Going out the other door, we found ourselves in the Camposanto (Cemetery).
In July of 2005, comedian Bob Hope’s remains were transferred from a temporary crypt at the nearby San Fernando Mission Cemetery (if only I had known how nearby) to the Mission San Fernando, Rey de España. The Bob Hope Memorial Gardens were created, and it is here where Hope’s final resting place is located. People asked why Hope was buried here, and it was all because of Hope’s wife, Dolores. She chose the Mission for her husband’s burial place because she said that Hope loved the San Fernando Valley. The grotto in the crypt includes a bronze sculpture replica of The Holy Family Resting – Flight into Egypt, by Anna Hyatt Huntington.
Before entering the garden, we passed by the Our Lady of Hope statue, a replica of a famous 17th-century sculpture of Mary at the Basilica of Our Lady of Hope in Pontmain, France. The statute was said to be a favorite of the Hope family.
Tracy and I were impressed by how well the Mission San Fernando, Rey de España has been restored through the years, and we left thinking our visit was complete. However, when I was on my computer later in the day, I found we had missed something.
Just around the corner from Mission San Fernando, Rey de España is the San Fernando Mission Cemetery, home to some big names in the entertainment industry. Since my office is pretty close to the cemetery, I made a quick visit the following day.
Buried here are such Hollywood stars as Chuck Connors (The Rifleman), William “Fred Mertz” Frawley, Walter Brennan and two others who I decided to pay “visit.”
The first grave I spotted was “Lonesome” George Gobel, who I always remember for his great quote on The Johnny Carson Tonight Show. Following appearances earlier in the show by Bob Hope and Dean Martin, Gobel quipped to Johnny, “Do you ever get the feeling that the world was a tuxedo and you were a pair of brown shoes?” Classic!
I next stopped by to pay respects to Richard Valenzuela, better known as singer Ritchie Valens, who is buried next to his mom. It was a blistering hot afternoon, so I decided to leave before I joined them six feet under. Both the Mission San Fernando, Rey de España and the San Fernando Mission Cemetery make for an interesting stop if you are visiting Los Angeles or if you live here and have a free couple of hours to spend.
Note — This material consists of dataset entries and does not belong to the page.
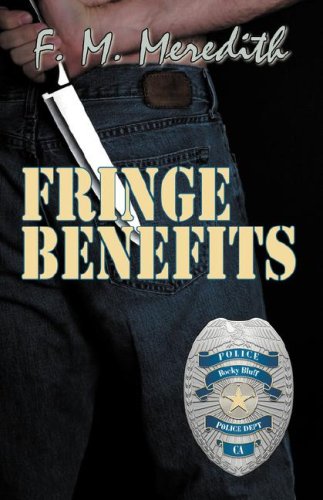 Benefits of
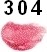 304 French Kiss
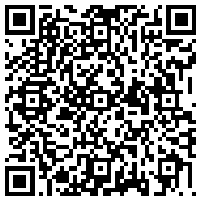 QR Code for bitcoin:bitcoin:bitcoin:bitcoin:bitcoin:bitcoin:bitcoin:bitcoin:bitcoin:dash:XoXkFrusNbsakVSLMur7wuAxbb1EW7SvDX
And don’t worry, I didn’t see a dog even though the Mission entrance says to beware of one.
Mission San Fernando, Rey de España
15101 San Fernando Mission Blvd
Mission Hills, CA 91345-1109
Hours: Open Daily – 9:00 a.m. – 4:00 p.m.
Closed Thanksgiving Day and Christmas Day
Telephone: (818) 361-0186
California Historical Landmark # 157
San Fernando Mission Cemetery
1160 Stranwood Avenue
Mission Hills, CA 91345-1109
Hours: Monday – Friday – 8:00 a.m. – 5:00 p.m.
Saturday: 8:00 a.m. – 4:00 p.m. • Sunday: 10:00 a.m. – 4:00 p.m.